Une semaine auparavant, il affirmait encore haut et fort ne "pas douter un seul instant" de l'adoption du texte en conseil des ministres. Droit dans ses bottes, Manuel Valls a pourtant dû faire un pas en arrière, lundi, et reporter la présentation du projet de loi El Khomri du 9 au 24 mars. Une reculade périlleuse en termes d'image mais toujours moins risquée qu'un acharnement.
A deux doigts de la catastrophe. De fait, selon nos informations, Matignon et l'Elysée sont passés à deux doigts de la catastrophe absolue. Plusieurs ministres, et pas des moindres, avaient prévu de s'exprimer cette semaine dans la presse contre le projet de loi El Khomri. Le gouvernement, pourtant formé depuis peu, était menacé d'implosion. Sans compter que s'il avait persisté, l'exécutif aurait dû affronter mardi une reprise mouvementée à l'Assemblée nationale, entre une réunion de groupe houleuse, des frondeurs furieux, des aubrystes prêts à claquer la porte et un festival de violence verbale au moment des questions au gouvernement.
Un week-end mouvementé.
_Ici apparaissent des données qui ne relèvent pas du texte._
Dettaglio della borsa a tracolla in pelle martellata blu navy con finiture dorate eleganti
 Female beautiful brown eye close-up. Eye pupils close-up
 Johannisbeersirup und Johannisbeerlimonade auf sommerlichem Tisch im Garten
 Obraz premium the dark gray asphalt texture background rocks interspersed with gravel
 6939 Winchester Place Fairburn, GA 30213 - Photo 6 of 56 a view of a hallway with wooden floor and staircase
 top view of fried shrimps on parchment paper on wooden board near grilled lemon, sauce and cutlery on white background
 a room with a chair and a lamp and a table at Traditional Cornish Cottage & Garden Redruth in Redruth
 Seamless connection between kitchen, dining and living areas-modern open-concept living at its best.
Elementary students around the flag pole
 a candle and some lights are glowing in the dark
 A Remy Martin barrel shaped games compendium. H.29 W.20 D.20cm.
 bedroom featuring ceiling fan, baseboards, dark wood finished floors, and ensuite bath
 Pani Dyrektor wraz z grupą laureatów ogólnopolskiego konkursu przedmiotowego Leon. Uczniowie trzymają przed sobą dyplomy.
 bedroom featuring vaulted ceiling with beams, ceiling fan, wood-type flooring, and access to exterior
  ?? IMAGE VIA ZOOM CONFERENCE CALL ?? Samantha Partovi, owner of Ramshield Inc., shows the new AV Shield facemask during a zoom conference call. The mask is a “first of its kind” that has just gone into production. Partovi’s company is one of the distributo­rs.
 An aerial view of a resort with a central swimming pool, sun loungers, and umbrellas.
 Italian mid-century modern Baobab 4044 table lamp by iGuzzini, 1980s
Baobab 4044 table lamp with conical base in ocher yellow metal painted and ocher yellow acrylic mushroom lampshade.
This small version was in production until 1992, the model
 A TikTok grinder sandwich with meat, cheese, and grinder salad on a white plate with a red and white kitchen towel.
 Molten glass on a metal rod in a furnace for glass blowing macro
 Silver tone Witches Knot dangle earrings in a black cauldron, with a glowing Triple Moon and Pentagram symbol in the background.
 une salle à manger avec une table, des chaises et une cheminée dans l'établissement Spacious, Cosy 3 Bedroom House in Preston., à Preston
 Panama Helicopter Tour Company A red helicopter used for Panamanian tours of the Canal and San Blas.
Autant de raisons de changer de stratégie et de miser sur la pédagogie. La décision du report du projet de loi a été prise au terme d'une longue discussion entre François Hollande et Manuel Valls. Tout le week-end, les deux hommes ont échangé par téléphone. Samedi après-midi, la virée catastrophique du président au Salon de l'Agriculture a accéléré les choses. Le chef de l'Etat, "marqué par ce qu'il vient de vivre au Salon", cherche une solution. Il retrouve Manuel Valls à l'Elysée dimanche soir. C'est à ce moment-là qu'ensemble, ils optent pour un délai de quinze jours.
La leçon du CPE. Pour expliquer ce revirement, il faut aussi revenir dix ans en arrière. En mars 2006, un an et un mois avant la présidentielle de 2007, le Premier ministre de l'époque, Dominique de Villepin, s'était lancé dans la bataille pour créer le contrat première embauche (CPE). La suite est connue de tous. D'importantes manifestations ont paralysé tout le pays, les facs et les lycées ont été bloqués, les syndicats ont embrayé. Dominique de Villepin a été contraint de voir sa loi, pourtant votée et promulguée, suspendue en pratique par le président, Jacques Chirac. Au-delà de l'humiliation totale, les ambitions présidentielles du chef du gouvernement ont été atomisées.
Cette histoire-là, François Hollande la connaît par cœur. En reculant sur la loi El Khomri, le président pensait aussi à sauvegarder les chances qui lui restent pour la présidentielle.